Star Rating Breakdowns

LoquiSordidaAdMe

Literotica Guru
Joined
Aug 8, 2017
Posts
1,135
Is there a way to see how many of each star-rating a story gets? Like how many 1-star votes, how many 2-star votes, etc. for a particular story?

I've been mildly curious about this for a while, and every so often I'll look around to see if I can find this kind of data, but if it's out there, I can't find it.

I know I shouldn't obsess about star-ratings, or favorite-numbers, or things like that and I should just write stories that make me happy. But I'm a bit of a data nerd, and I'd get a kick out of tracking my stories in a spreadsheet and comparing them.

So does anyone know how I can get that data, or if it's even available?
 
Is there a way to see how many of each star-rating a story gets? Like how many 1-star votes, how many 2-star votes, etc. for a particular story?

I've been mildly curious about this for a while, and every so often I'll look around to see if I can find this kind of data, but if it's out there, I can't find it.

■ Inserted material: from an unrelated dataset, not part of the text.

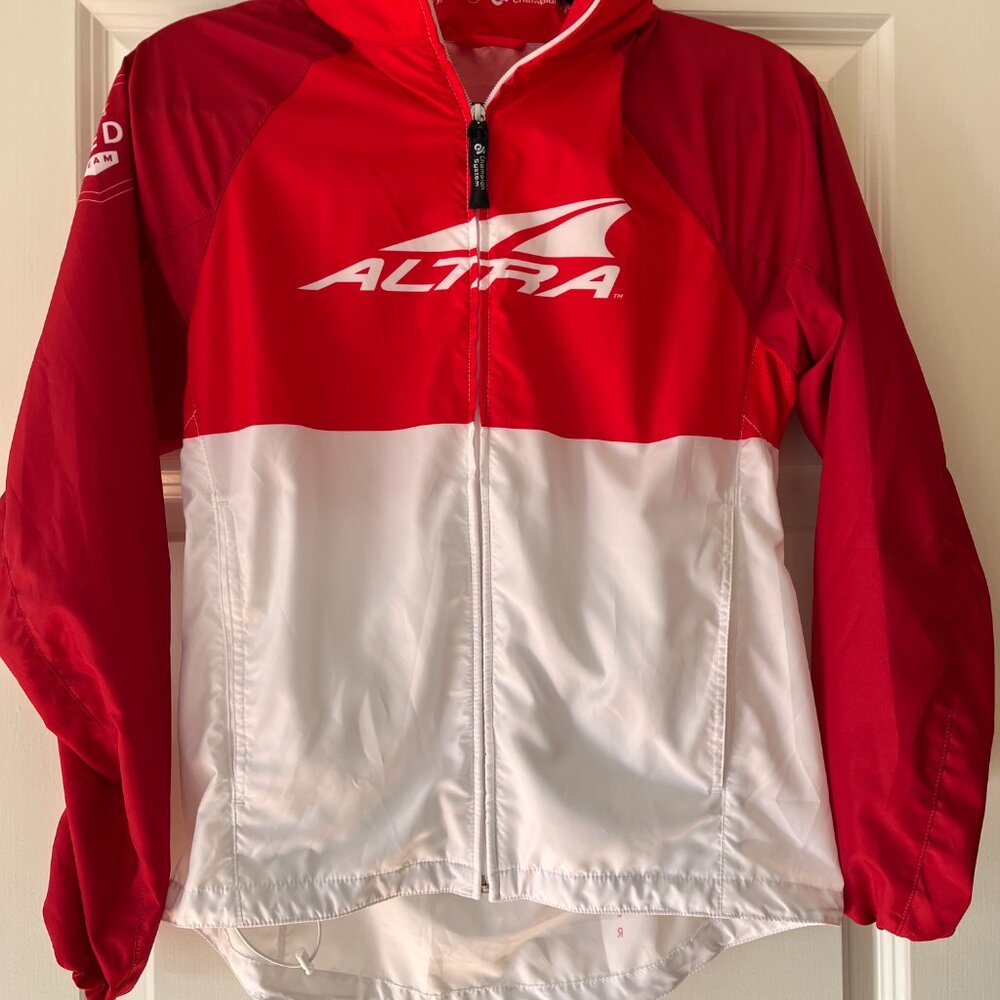 Columbia Womens Champion System Windbreaker - Red/White Altra Running, Hooded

I know I shouldn't obsess about star-ratings, or favorite-numbers, or things like that and I should just write stories that make me happy. But I'm a bit of a data nerd, and I'd get a kick out of tracking my stories in a spreadsheet and comparing them.

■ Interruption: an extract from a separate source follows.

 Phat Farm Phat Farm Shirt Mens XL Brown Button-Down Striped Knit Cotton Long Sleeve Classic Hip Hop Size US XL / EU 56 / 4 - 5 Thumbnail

So does anyone know how I can get that data, or if it's even available?

Only way that I'm aware of is to track scores and vote counts and then deduce the ratings from that. (New score)*(New # votes) - (Old score)*(Old # votes) = total of new votes.
 
Only way that I'm aware of is to track scores and vote counts and then deduce the ratings from that. (New score)*(New # votes) - (Old score)*(Old # votes) = total of new votes.

And watch your ratings constantly. With a new story that can mean every five minutes. :(
 
Only way that I'm aware of is to track scores and vote counts and then deduce the ratings from that. (New score)*(New # votes) - (Old score)*(Old # votes) = total of new votes.

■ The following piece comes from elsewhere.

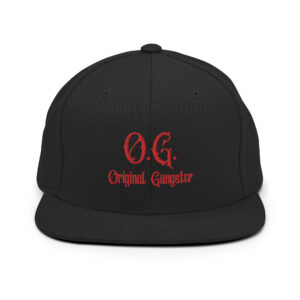 O.G. Original Gangster (in scarlet red letters) Flat Brim Hat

And of course (New # votes)-(Old # votes)=number of readers voting. If that number isn't 1 then the results may be ambiguous.

If the roundoff is handled correctly then the results are good up to 50 votes cast. Above that, the potential for error increases and above 170 votes cast the chance that your result is wrong exceeds the chance that it's right. I usually find that the upper limit of reliability is a little under 100 votes cast.

Even with all the limitations, you can see the patterns.
 
And then the Web site sweeps come along and delete votes of unknown rating.
 
And of course (New # votes)-(Old # votes)=number of readers voting. If that number isn't 1 then the results may be ambiguous.

If the roundoff is handled correctly then the results are good up to 50 votes cast. Above that, the potential for error increases and above 170 votes cast the chance that your result is wrong exceeds the chance that it's right. I usually find that the upper limit of reliability is a little under 100 votes cast.

Even with all the limitations, you can see the patterns.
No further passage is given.